Prove the following LEMMA:
For every proposition [itex]A[P_{1}, \dots, P_{n}][/itex] and any two interpretations [itex]v[/itex] and [itex]v'[/itex], if [itex]v(P_{i})=v'(P_{i})[/itex] for all [itex]i=1, \dots,n[/itex], then [itex]v^{*}(A)=v'^{*}(A)[/itex].

Homework Equations





The Attempt at a Solution



Sure this is obviously an incredibly easy lemma to prove, but still I have problems with mathematical induction and I am not use to actually write proofs, so I would like to know if the following works and is decently written.

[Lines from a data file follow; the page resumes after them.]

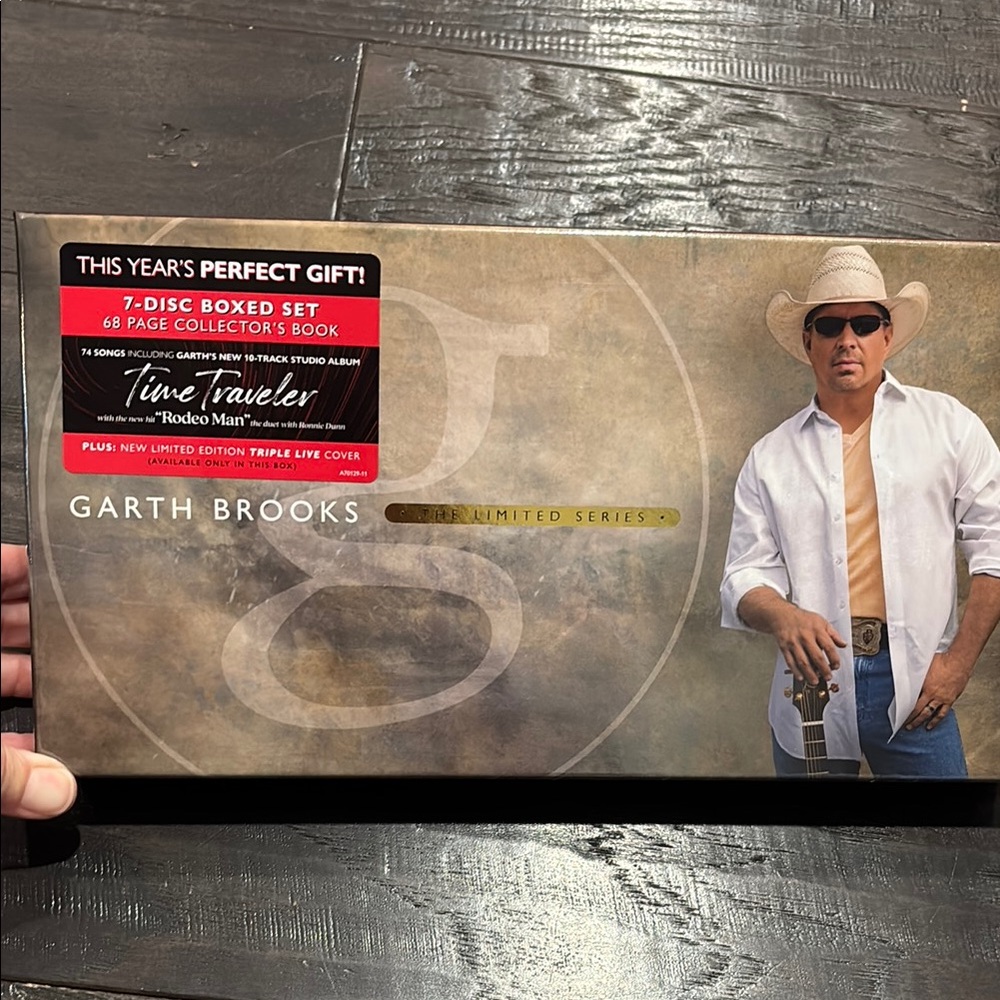 Garth Brooks Limited Series 7-Disc Boxed Set - “The Limited Series”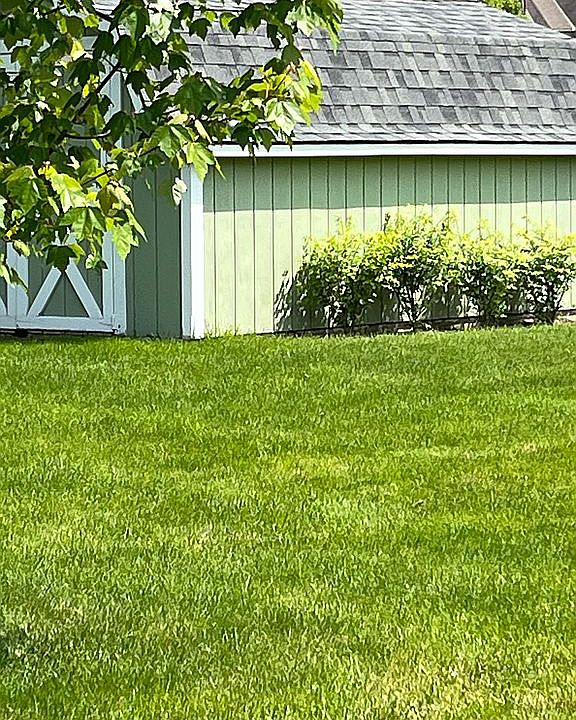 1st image of 920 Sherwood Dr
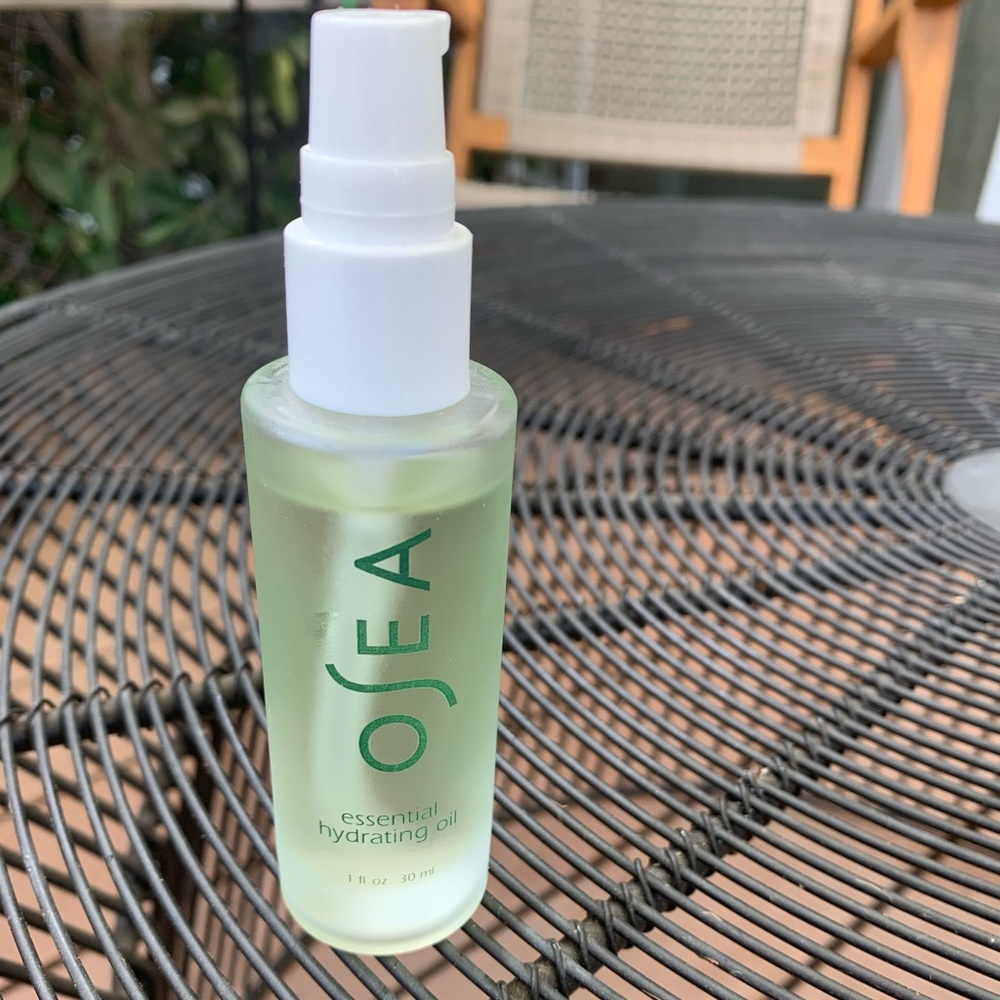 Osea essential hydrating oil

So I am looking forward to your reply and... be nasty, thanks. :smile:

PROOF:
The proof works on induction on the length of [itex]A[/itex].
- Basis Step: In the case [itex]i=1[/itex] we have that [itex]A[/itex] is equal to [itex]P_{1}[/itex] and we have [itex]v(P_{1})=v'(P_{1})[/itex]. Hence, we have [itex]v^{*}(A)=v'^{*}(A)[/itex] and the lemma is proved for [itex]i=1[/itex].
- Inductive Step: We assume that, if [itex]v(P_{i})=v'(P_{i})[/itex] for all [itex]i=1, \dots, k[/itex] with [itex]k<n[/itex], then [itex]v^{*}(A)=v'^{*}(A)[/itex]. Now, for [itex]n[/itex] we have either [itex]v(P_{n})=v'(P_{n})[/itex] or [itex]v(P_{n}) \neq v'(P_{n})[/itex]. In particular, if [itex]v(P_{n})=v'(P_{n})[/itex], then [itex]v^{*}(A)=v'^{*}(A)[/itex] for the inductive step.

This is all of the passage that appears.